-------- Information

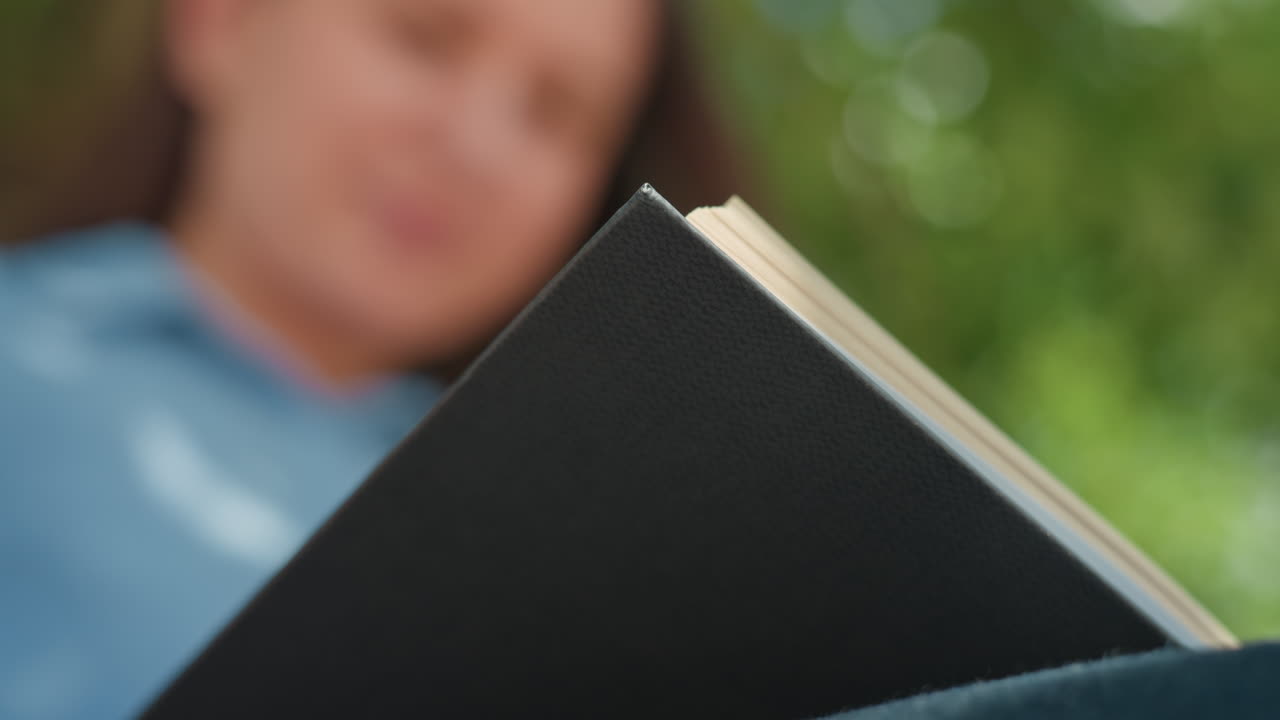 Mujer caucásica hojea un diario con tranquilidad, señora examina un diario con atención bajo ramas frondosas, mujer de aspecto caucásico explora con calma un diario sentada bajo árboles extensos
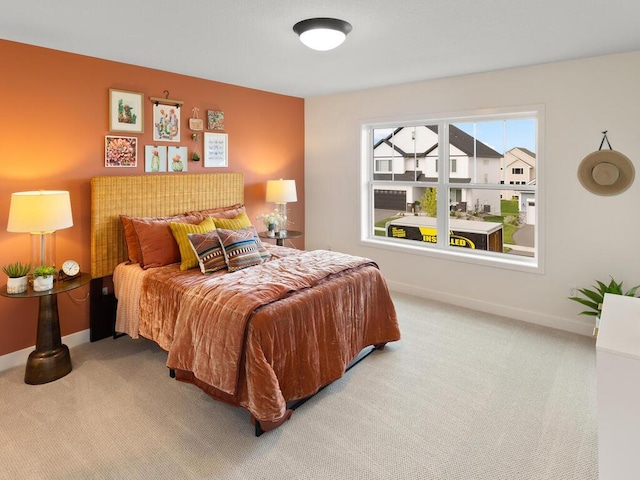 carpeted bedroom featuring baseboards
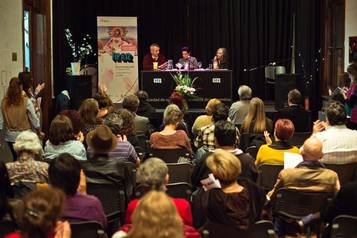 a panel discussion and a large audience
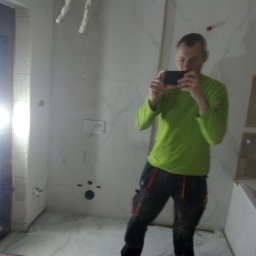 Przemysław Rudnicki - Mężczyzna w zielonej koszulce robi selfie w trakcie prac wykończeniowych w łazience z marmurowymi płytami, widoczne przygotowane otwory na armaturę i częściowo zamaskowane rury.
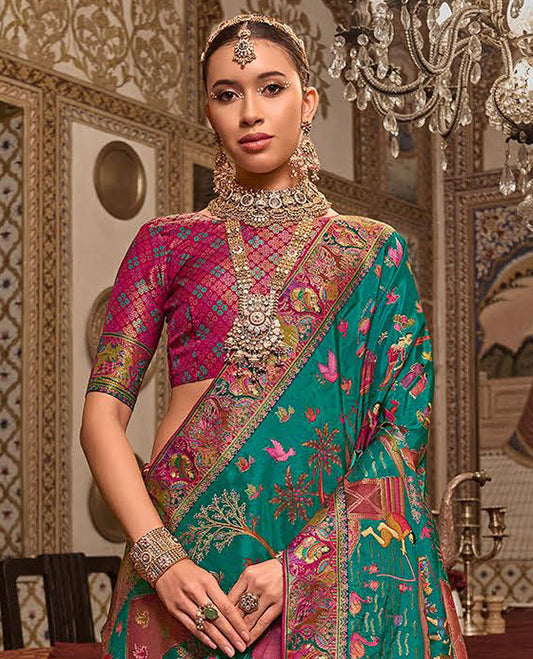 Green Designer Saree, Enthralled with Village-Theme Designs All Over Its Body, Complemented by a Contrast Colorful Meenakari Mughal-Style Border, Artfully Detailed Pallu, and Paired with a Contrast Blouse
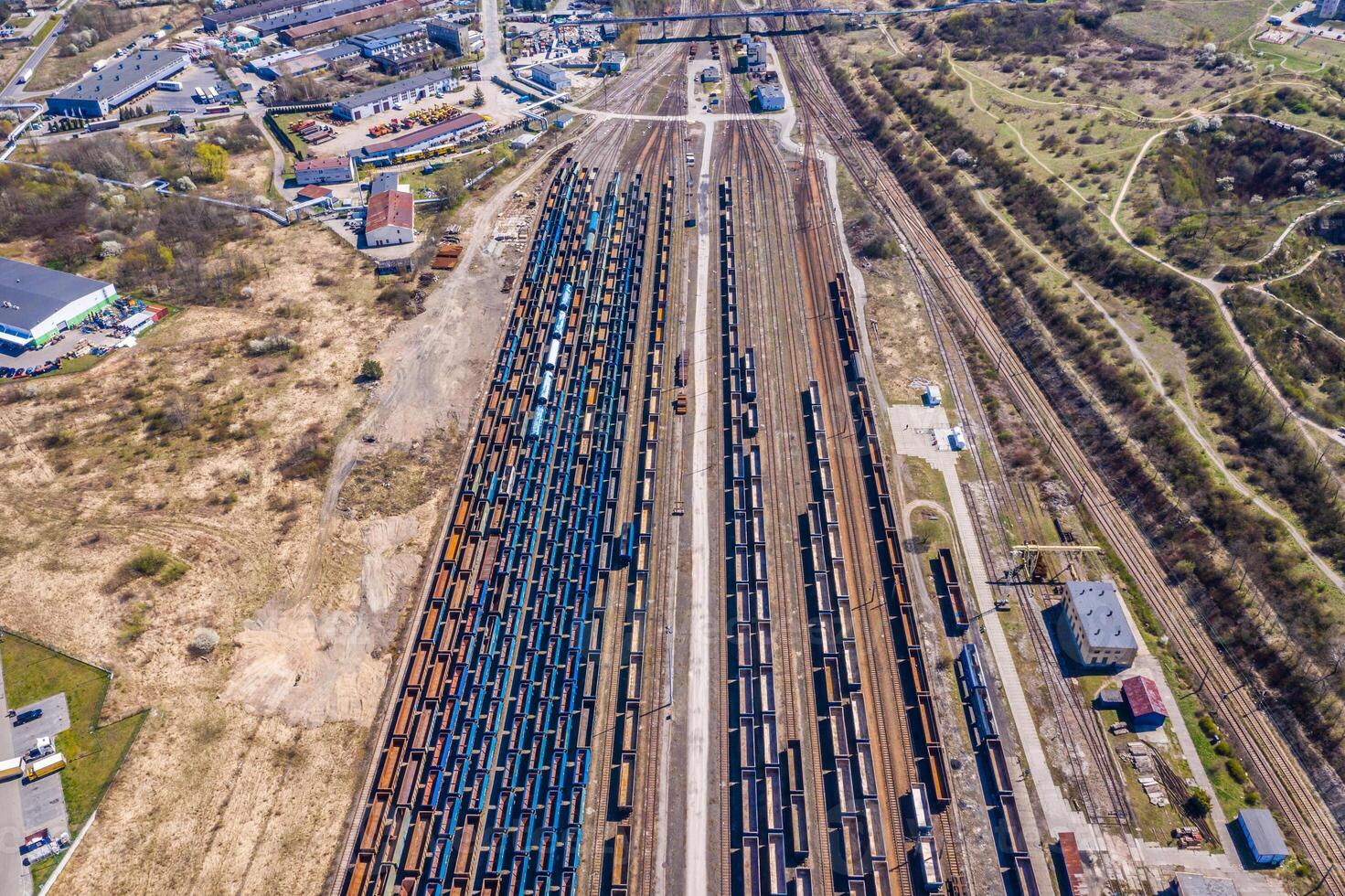 Cargo trains. Aerial view of colorful freight trains on the railway station. Wagons with goods on railroad.Aerial view photo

----------------

» **What the exercise asks**:
A verbatim transcription of the records, pictures excluded, is the required output.

» **Answer to the problem**:
 Mujer caucásica hojea un diario con tranquilidad, señora examina un diario con atención bajo ramas frondosas, mujer de aspecto caucásico explora con calma un diario sentada bajo árboles extensos
 carpeted bedroom featuring baseboards
 a panel discussion and a large audience
 Przemysław Rudnicki - Mężczyzna w zielonej koszulce robi selfie w trakcie prac wykończeniowych w łazience z marmurowymi płytami, widoczne przygotowane otwory na armaturę i częściowo zamaskowane rury.
 Green Designer Saree, Enthralled with Village-Theme Designs All Over Its Body, Complemented by a Contrast Colorful Meenakari Mughal-Style Border, Artfully Detailed Pallu, and Paired with a Contrast Blouse
 Cargo trains. Aerial view of colorful freight trains on the railway station. Wagons with goods on railroad.Aerial view photo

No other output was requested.